A team of scientists has detected a hidden state of electronic order in a layered material containing lanthanum, barium, copper and oxygen (LBCO). When cooled to a certain temperature and with certain concentrations of barium, LBCO is known to conduct electricity without resistance, but now there is evidence that a superconducting state occurs above this temperature as well. It was just a matter of using the right tool—in this case, high-intensity pulses of infrared light—to be able to see it.
The team’s finding provides further insight into the decades-long mystery of superconductivity in LBCO and similar compounds containing copper and oxygen layers sandwiched between other elements. These “cuprates” become superconducting at relatively higher temperatures than traditional superconductors that must be frozen to near absolute zero (-459°F) before their electrons can flow through them at 100-percent efficiency. Understanding why cuprates behave the way they do could help scientists design better high-temperature superconductors, eliminating the cost of expensive cooling systems and improving the efficiency of power generation, transmission and distribution.
“The ultimate goal is to achieve superconductivity at room temperature,” says John Tranquada, a physicist and leader of the Neutron Scatter Group in the Condensed Matter Physics and Materials Science Department at Brookhaven National Laboratory, where he has been studying cuprates since the 1980s. “If we want to do that by design, we have to figure out which features are essential for superconductivity.

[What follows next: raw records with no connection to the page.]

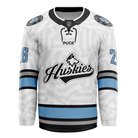 The Haringey Huskies 26/27 Home Jersey (NAMED) from the Haringey Huskies Store showcases a crisp white design accented with light blue and black stripes. Bold "Huskies" text and the iconic husky dog logo feature prominently on the chest, while the number 26 appears on both sleeves and circular patches decorate each shoulder. As a fan replica jersey, it can also be personalized with your choice of custom name and number for an extra-special touch.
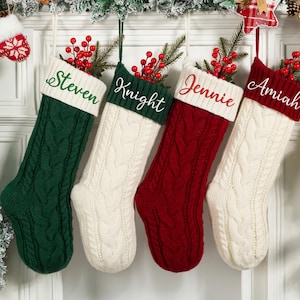 May include: Four cable-knit Christmas stockings in green, cream, and red, each with a white cuff embroidered with a name: Steven, Knight, Jennie, and Amiah. The stockings are decorated with sprigs of red berries and greenery.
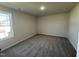Bedroom featuring neutral carpet, light walls and a window providing natural light at 61 Heatherglenn Cir, Princeton, NC 27569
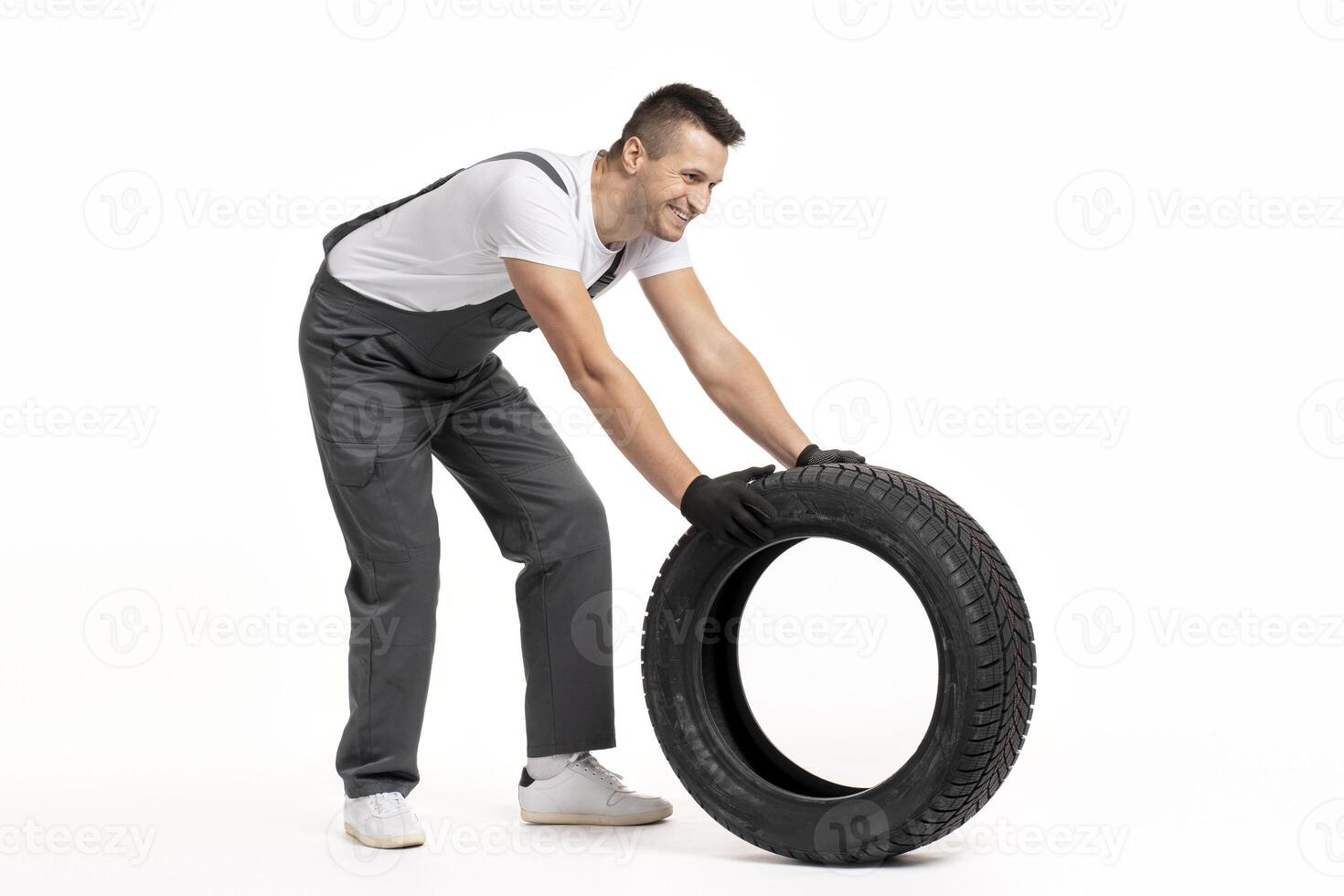 Mechanic pushing large tire on white background photo
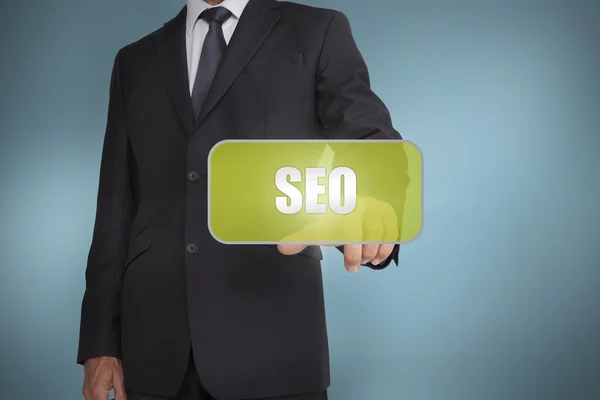 Businessman touching green tag with the word seo written on it — Stock Photo, Image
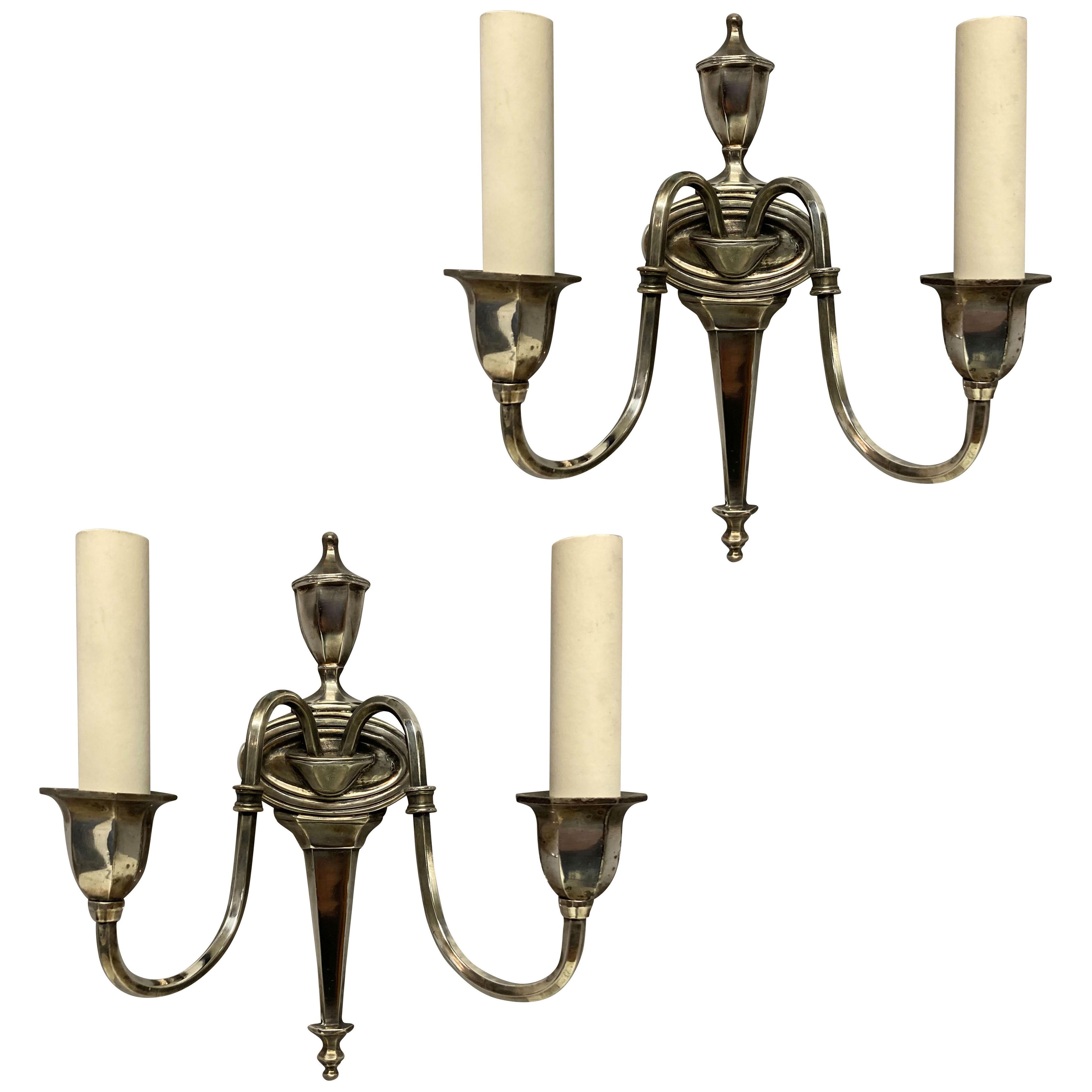 A PAIR OF FRENCH SILVER PLATED TWIN BRANCH WALL LIGHTS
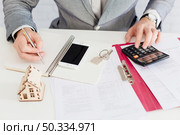crop realtor counting writing. Стоковое фото, агентство Ingram Publishing / Фотобанк Лори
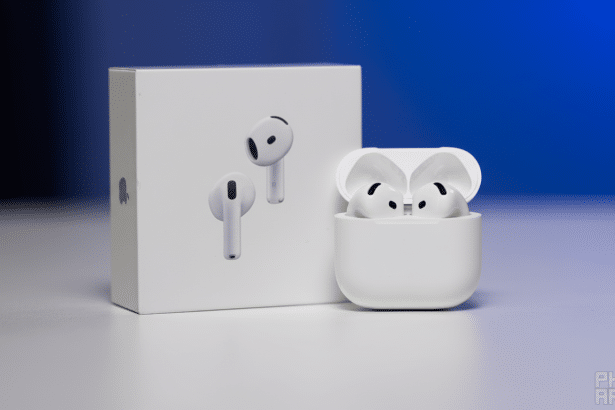 Apple AirPods Pro 2 with charging case and retail box on a table with a blue background.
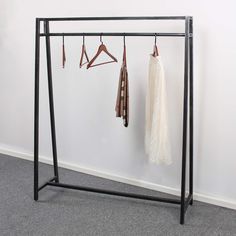 a coat rack with three coats hanging on it's sides and two hangers attached to the wall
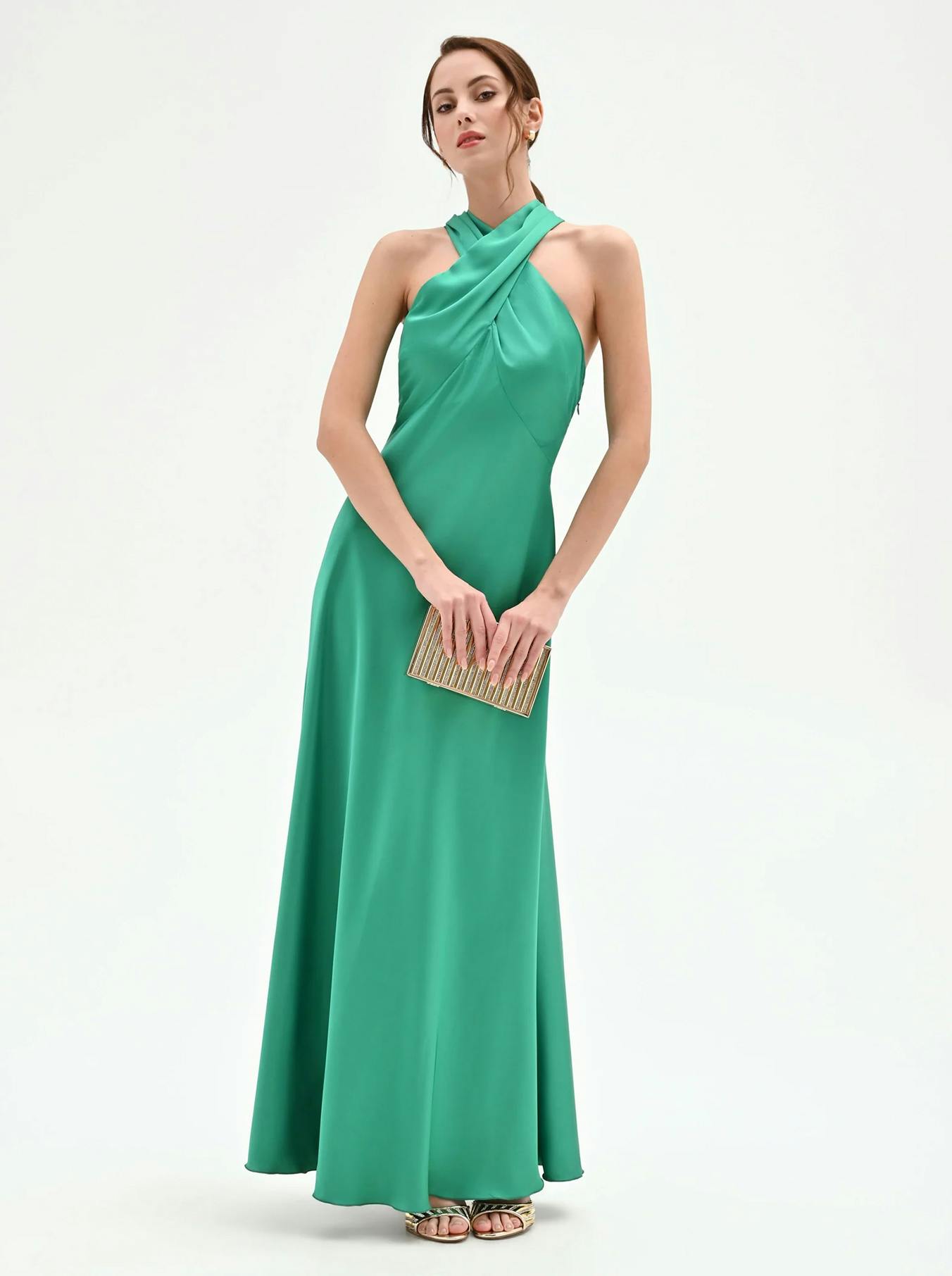 Woman in a stylish green halterneck gown holding a gold clutch. The dress features a long, flowing skirt. She stands poised against a white background.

Teasing out those features in such complicated materials as the cuprates is no easy task.”
The copper-oxygen planes of LBCO contain “stripes” of electrical charge separated by a type of magnetism in which the electron spins alternate in opposite directions. In order for LBCO to become superconducting, the individual electrons in these stripes need to be able to pair up and move in unison throughout the material.
Previous experiments showed that, above the temperature at which LBCO becomes superconducting, resistance occurs when the electrical transport is perpendicular to the planes, but is zero when the transport is parallel. Theorists proposed that this phenomenon might be the consequence of an unusual spatial modulation of the superconductivity, with the amplitude of the superconducting state oscillating from positive to negative on moving from one charge stripe to the next. The stripe pattern rotates by 90 degrees from layer to layer, and they thought that this relative orientation was blocking the superconducting electron pairs from moving coherently between the layers.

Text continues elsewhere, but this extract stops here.